Network Working Group                                      G. Golovinsky
Internet-Draft                                               S. Johnston
Intended status: Experimental
Expires: April 12, 2013                                          D. Birk
                                           Ruhr University Bochum; Horst
                                                Goertz Institute for IT
                                                                Security
                                                         October 9, 2012


        Syslog Extension for Cloud Using Syslog Structured Data
             draft-golovinsky-cloud-services-log-format-03

Abstract

   This document provides an open and extensible log format to be used
   by any cloud entity or cloud application to log and trace activities
   that occur in the cloud.  The logs and traces can be utilized for
   billing, charging, and debugging purposes.  In addition, these logs
   and traces are equally applicable for cloud infrastructure (IaaS),
   platform (PaaS), and application (SaaS) services.  CloudLog is
   different in content, but not in nature from the traditional logging
   as it takes in account transient nature of Identities and resources
   in the cloud.


Status of this Memo

   This Internet-Draft is submitted in full conformance with the
   provisions of BCP 78 and BCP 79.

   Internet-Drafts are working documents of the Internet Engineering
   Task Force (IETF).  Note that other groups may also distribute
   working documents as Internet-Drafts.  The list of current Internet-
   Drafts is at http://datatracker.ietf.org/drafts/current/.

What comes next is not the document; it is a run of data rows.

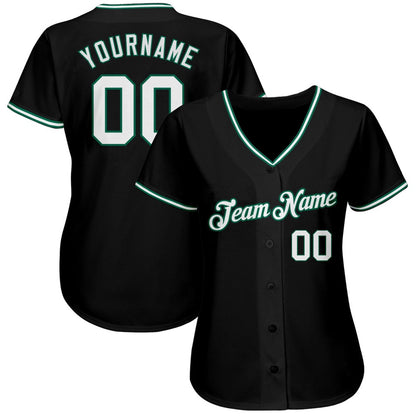 Team Jerseys Baseball, Custom Black White Kelly Green Authentic Baseball Jersey, Logo Baseball Jersey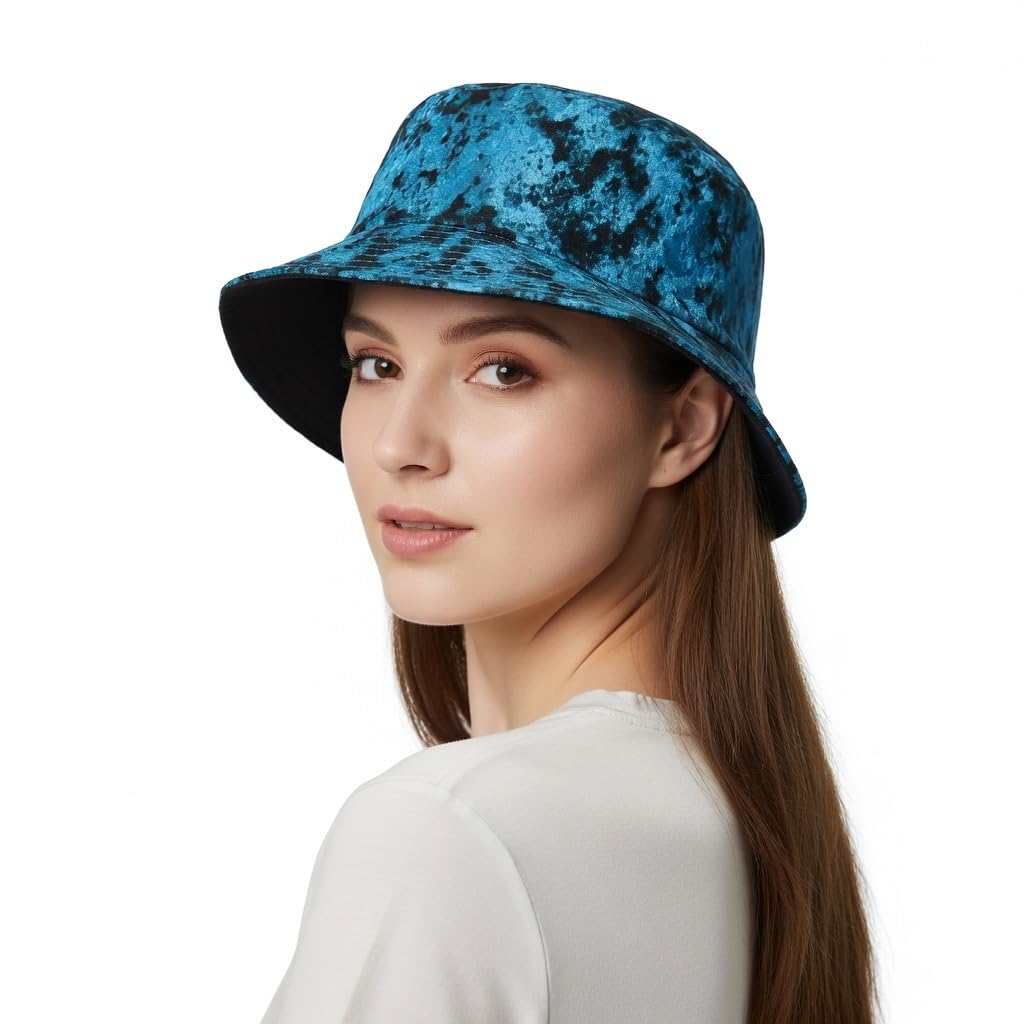 tomorrow fashion Bucket Hat for Women | Revercible Design 2 in 1 | Blue Black Abstract Tie-Print Bucket Hat | Trendy Summer Beach Travel Outdoor Fashion Sun Protection Headwear Cap-picture-29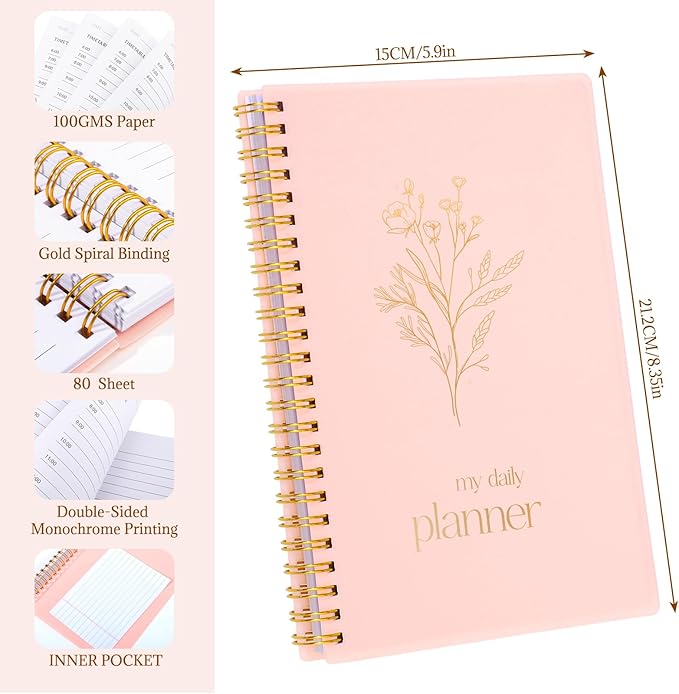 Undated Daily Planner with Hourly Schedule, 5.71" X 8.35" Daily To DO List Noteboook Set Goals A5 Daily Personal Organizer Notepad for School Work Office Improve Efficiency Planner, Pink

   Internet-Drafts are draft documents valid for a maximum of six months
   and may be updated, replaced, or obsoleted by other documents at any
   time.  It is inappropriate to use Internet-Drafts as reference
   material or to cite them other than as "work in progress."

   This Internet-Draft will expire on April 12, 2013.

Copyright Notice

   Copyright (c) 2012 IETF Trust and the persons identified as the
   document authors.  All rights reserved.




Golovinsky, et al.       Expires April 12, 2013                 [Page 1]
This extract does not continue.